OKLAHOMA CITY, Nov. 3, 2015 (GLOBE NEWSWIRE) -- American Energy – Permian Basin, LLC ("AEPB" or "the Company"), an affiliate of American Energy Partners, LP, announced today that it and AEPB Finance Corporation ("Finance Corp.", and together with the Company, the "Issuers") have extended the expiration date for their previously announced solicitation of consents ("Consent Solicitation") from holders of the Issuers' outstanding 8.000% Senior Secured Second Lien Notes due 2020 (the "Notes") to approve amendments (the "Proposed Amendments") to the indenture governing the Notes (the "Indenture").

The Consent Solicitation, scheduled to expire at 5:00 p.m. New York City time on November 2, 2015, has been extended until 5:00 p.m., New York City time, on November 3, 2015.

The Company also announced certain additional amendments (the "New Proposed Amendments") to the consent solicitation statement, dated October 26, 2015 (as supplemented to date, the "Outdated Consent Solicitation Statement"), and the accompanying consent letter, dated October 26, 2015, previously distributed to eligible holders of the Notes. The New Proposed Amendments, among other things, restrict the flexibility for certain asset sales. A revised consent solicitation statement, dated November 3, 2015 (the "Consent Solicitation Statement"), which includes the New Proposed Amendments and supersedes in its entirety the Outdated Consent Solicitation Statement, was circulated to eligible holders on November 3, 2015.

Holders of the Notes who have previously delivered consents do not need to redeliver such consents or take any other action in response to this announcement.

Copies of the Consent Solicitation Statement, the consent letter and other related documents may be obtained from Global Bondholder Services Corporation, the Information and Tabulation Agent, at (866) 470-3800 (toll free). Holders of the Notes are urged to review the Consent Solicitation Statement and the consent letter for the detailed terms of the Consent Solicitation and the procedures for consenting to the Proposed Amendments and the New Proposed Amendments. Any persons with questions regarding the Consent Solicitation should contact the Solicitation Agent, Goldman, Sachs & Co., at (212) 902-6941 (collect) or (800) 828-3182 (toll free).

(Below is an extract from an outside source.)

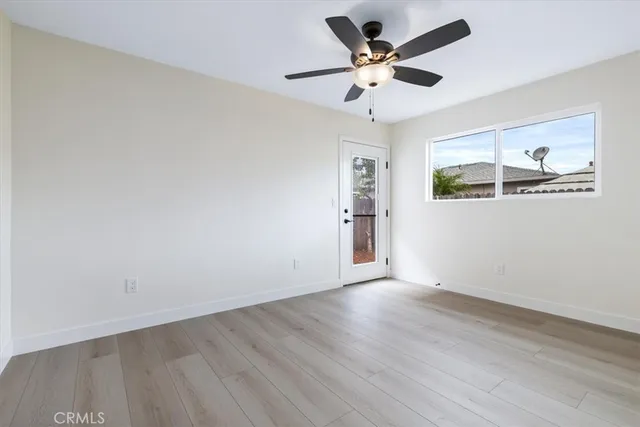 a view of a balcony with furniture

This announcement is for information purposes only and is neither an offer to sell nor a solicitation of an offer to buy any security. This announcement is also not a solicitation of consents with respect to the Proposed Amendments, the New Proposed Amendments or any securities. No recommendation is being made as to whether holders of Notes should consent to the Proposed Amendments and the New Proposed Amendments. The solicitation of consents is not being made in any jurisdiction in which, or to or from any person to or from whom, it is unlawful to make such solicitation under applicable state or foreign securities or "blue sky" laws.

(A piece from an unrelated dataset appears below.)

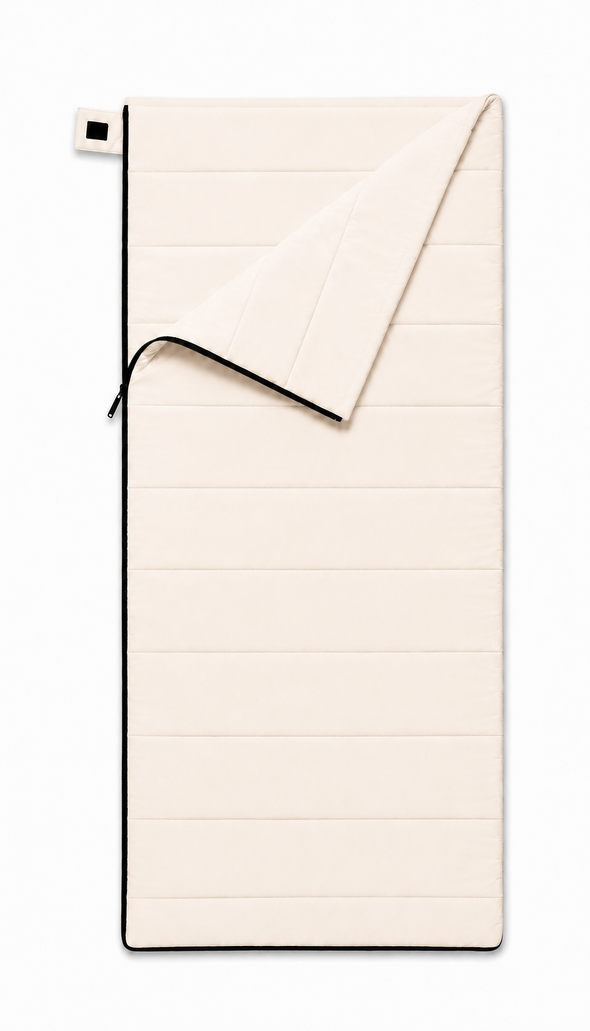 Junior organic cotton sleeping bag for kids in undyed natural cotton, top corner folded back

Statements in this release relating to the Company's expectations regarding the Consent Solicitation are forward-looking information and are subject to various risks and uncertainties that could cause actual results to vary materially from those stated. Forward-looking statements are based on currently available information. These statements are not guarantees of future performance and involve certain risks, uncertainties and assumptions that are difficult to predict.

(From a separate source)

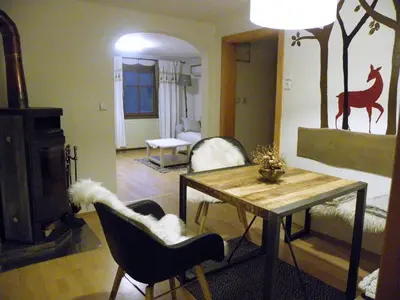 a living room with a table and chairs and a couch at InGreen house in Bohinjska Bela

Among other risks and uncertainties, there can be no guarantee that the Consent Solicitation will be completed, or if completed, the time frame in which it will be completed. The Consent Solicitation is subject to the satisfaction of certain conditions contained in the Consent Solicitation Statement.

The Company has based its forward-looking statements, including statements made regarding the Consent Solicitation, the expected timetable for completing the Consent Solicitation and other statements, on its management's beliefs and assumptions based on information available to management at the time the statements are made. The Company cautions you that actual outcomes and results may differ materially from what is expressed, implied, or forecast by its forward-looking statements. Except as required under the federal securities laws, the Company does not have any intention or obligation to update publicly any forward-looking statements, whether as a result of new information, future events, changes in assumptions, or otherwise.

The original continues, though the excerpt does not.